Stimmt nur zum Teil. In Köln, beim größten Konzert ihrer bisherigen Karriere, beweisen die Beginner, dass mit ihnen durchaus noch zu rechnen ist. Denn auch wenn nicht alle neuen Songs qualitativ mit den alten Titeln mithalten können, wissen Denyo, der auf der Pyramide thronende DJ Mad und Eizi Eiz immerhin noch eins: Wie man eine riesige Party feiert. Auch wenn die Haltung dabei ein bisschen zu kurz kommt.

Die Dimensionen der gut gefüllten Arena zeigen dabei Wirkung – im Guten wie im Schlechten. Auf der einen Seite sind die Beginner absolut begeistert, so sehr, dass sie eigentlich direkt nach dem Opener „Ahnma“ wieder von der Bühne gehen wollen, weil es ja besser kaum werden kann. Auf der anderen Seite fordert die nicht ganz einfache Akustik ihren Tribut, lässt an manchen Stellen die massiven Bässe zu sehr wummern, auch wenn es längst nicht so schlimm ist wie beim Support-Act Afrob, der gar nicht mehr zu verstehen war. Egal, das Publikum ist ohnehin überaus textsicher. Viele sind Fans der ersten Stunde, haben sich damals mit „Bambule“ sozialisiert und sind jetzt auch in erster Linie wegen der alten Titel gekommen. Die kriegen sie – und mehr. Immerhin sind die Beginner nicht alleine in die Domstadt gekommen, sondern haben ihre Idole mitgebracht: Die Heidelberger Hip-Hop-Pioniere Torch und Toni-L von Advanced Chemistry . Und so erklingt neben Klassikern wie „Hammerhart“, „Füchse“ und „Liebeslied“, die immer noch zünden, eben auch „Wir waren mal Stars“ sowie leider nur die erste Strophe von „Fremd im eigenen Land“, jenem gesellschaftskritischen Rap, der heute noch genauso aktuell ist wie vor 25 Jahren.

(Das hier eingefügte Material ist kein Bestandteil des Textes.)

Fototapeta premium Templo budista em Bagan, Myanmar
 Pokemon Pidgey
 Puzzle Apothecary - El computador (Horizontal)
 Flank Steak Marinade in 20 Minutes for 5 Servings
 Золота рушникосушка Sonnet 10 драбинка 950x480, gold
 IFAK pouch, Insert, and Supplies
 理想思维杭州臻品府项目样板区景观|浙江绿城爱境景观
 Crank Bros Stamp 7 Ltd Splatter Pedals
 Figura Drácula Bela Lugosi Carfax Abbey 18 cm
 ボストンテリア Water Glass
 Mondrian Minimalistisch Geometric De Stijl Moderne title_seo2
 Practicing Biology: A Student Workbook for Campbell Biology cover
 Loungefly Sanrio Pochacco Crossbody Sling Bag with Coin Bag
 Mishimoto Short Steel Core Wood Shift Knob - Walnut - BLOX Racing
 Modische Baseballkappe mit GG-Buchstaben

Doch genau diese Einstellung, für die auch die Beginner früher berühmt waren, fehlt bei den neuen Songs des Trios. Stattdessen rappt Eizi Eiz fröhlich „Yippie yippie yeah, ich habe einen im Tee / Und schmiere meine Popel an einen BMW“ („Schelle“), während Denyo greint „Mann, ich fühl mich Asbach Uralt / Doch wen wundert's nach 50 Kurzen / Ich geh auf Klo nochmal gründlich furzen“ („Kater“). Lyrik für Abgestiegene. Klar, nicht jeder Vers muss perfekt sein, und schon bei „Fäule“ heißt es selbstkritisch „So viele Dinge die passieren und ich schreib drüber / mal wie Bertolt Brecht, mal eher wie Mike Krüger“ – aber die Balance muss stimmen. In Köln kippt sie eben massiv in Richtung Party, nur selten setzen sich die Beginner mit politischen Themen auseinander. Will das Publikum aber auch nicht anders: Es feiert die Beginner gerade für ihre Unbekümmertheit, singt selbst beim Nena-Cover „Irgendwie, Irgendwo, Irgendwann“ fröhlich mit und stimmen wahrscheinlich einem Ausspruch von Eizi Eiz gegen Ende des Konzerts uneingeschränkt zu: „Wir werden diesen Abend nie vergessen. Es war einer der geilsten Auftritte in unserem Leben!“ Na dann ist ja alles in Ordnung.